▶ AIM OF THE EXERCISE: Leaving out the pictures, return word for word the stretch of entries below from the line holding "(nitrogênio líquido ou CO2), eliminando as" through the line holding "Khái niệm các bệnh về viêm phụ khoa là gì?".
(DATASET RECORDS)
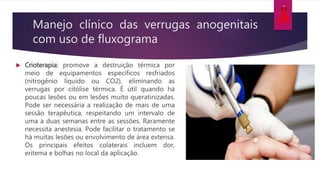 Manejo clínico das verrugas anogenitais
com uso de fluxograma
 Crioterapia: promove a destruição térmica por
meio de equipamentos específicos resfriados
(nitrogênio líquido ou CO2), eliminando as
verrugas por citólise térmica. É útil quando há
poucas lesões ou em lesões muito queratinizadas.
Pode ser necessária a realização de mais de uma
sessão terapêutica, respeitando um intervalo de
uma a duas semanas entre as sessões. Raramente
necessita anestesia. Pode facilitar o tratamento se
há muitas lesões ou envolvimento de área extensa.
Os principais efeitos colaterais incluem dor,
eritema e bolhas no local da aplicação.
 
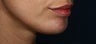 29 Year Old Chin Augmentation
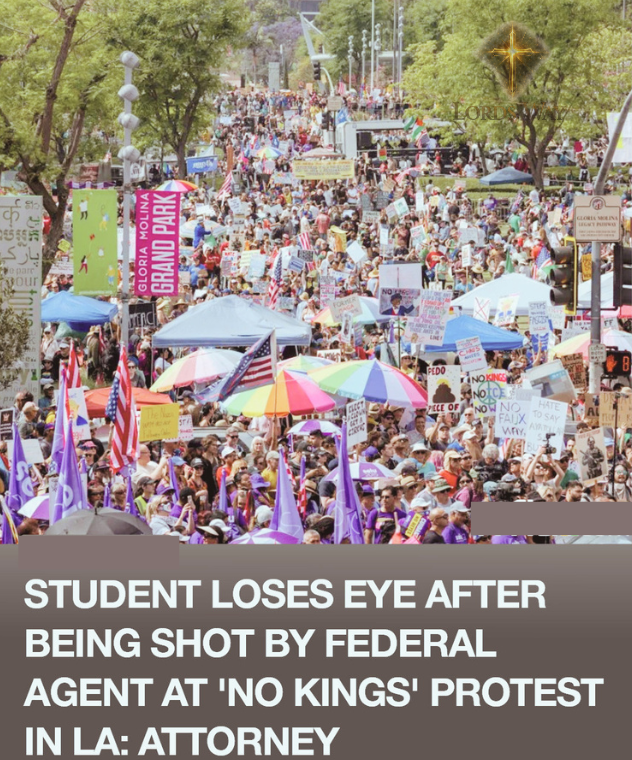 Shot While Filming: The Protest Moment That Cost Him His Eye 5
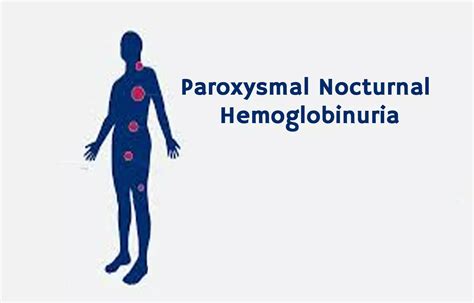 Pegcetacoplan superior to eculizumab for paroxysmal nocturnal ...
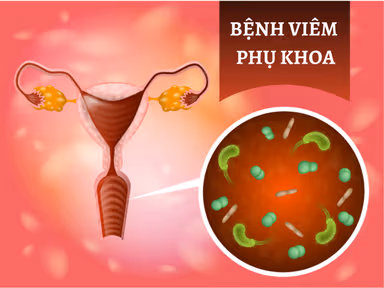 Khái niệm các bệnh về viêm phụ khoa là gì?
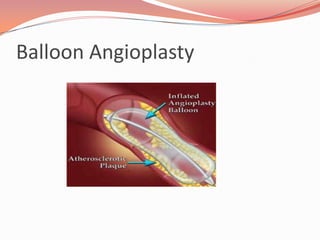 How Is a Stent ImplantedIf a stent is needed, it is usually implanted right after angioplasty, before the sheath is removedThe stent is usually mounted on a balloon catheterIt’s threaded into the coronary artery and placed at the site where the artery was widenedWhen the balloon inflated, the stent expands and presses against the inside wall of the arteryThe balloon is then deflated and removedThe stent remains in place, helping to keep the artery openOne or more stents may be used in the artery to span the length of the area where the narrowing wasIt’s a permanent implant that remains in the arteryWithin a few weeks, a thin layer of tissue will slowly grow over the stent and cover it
(End DATASET RECORDS)
(DATASET RECORDS)
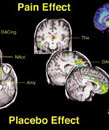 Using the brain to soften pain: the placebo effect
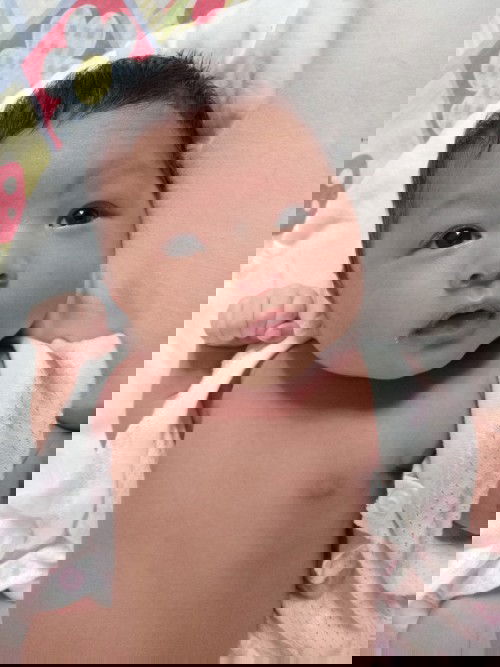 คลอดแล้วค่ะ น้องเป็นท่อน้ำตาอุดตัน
(End DATASET RECORDS)
(DATASET RECORDS)
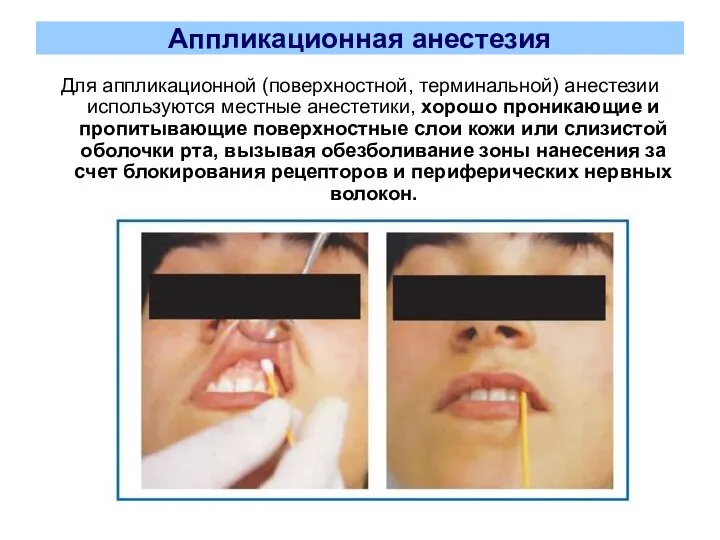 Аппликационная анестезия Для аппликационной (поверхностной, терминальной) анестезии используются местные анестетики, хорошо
(End DATASET RECORDS)
▶ ANSWER BELOW:
(nitrogênio líquido ou CO2), eliminando as
verrugas por citólise térmica. É útil quando há
poucas lesões ou em lesões muito queratinizadas.
Pode ser necessária a realização de mais de uma
sessão terapêutica, respeitando um intervalo de
uma a duas semanas entre as sessões. Raramente
necessita anestesia. Pode facilitar o tratamento se
há muitas lesões ou envolvimento de área extensa.
Os principais efeitos colaterais incluem dor,
eritema e bolhas no local da aplicação.
 
 29 Year Old Chin Augmentation
 Shot While Filming: The Protest Moment That Cost Him His Eye 5
 Pegcetacoplan superior to eculizumab for paroxysmal nocturnal ...
 Khái niệm các bệnh về viêm phụ khoa là gì?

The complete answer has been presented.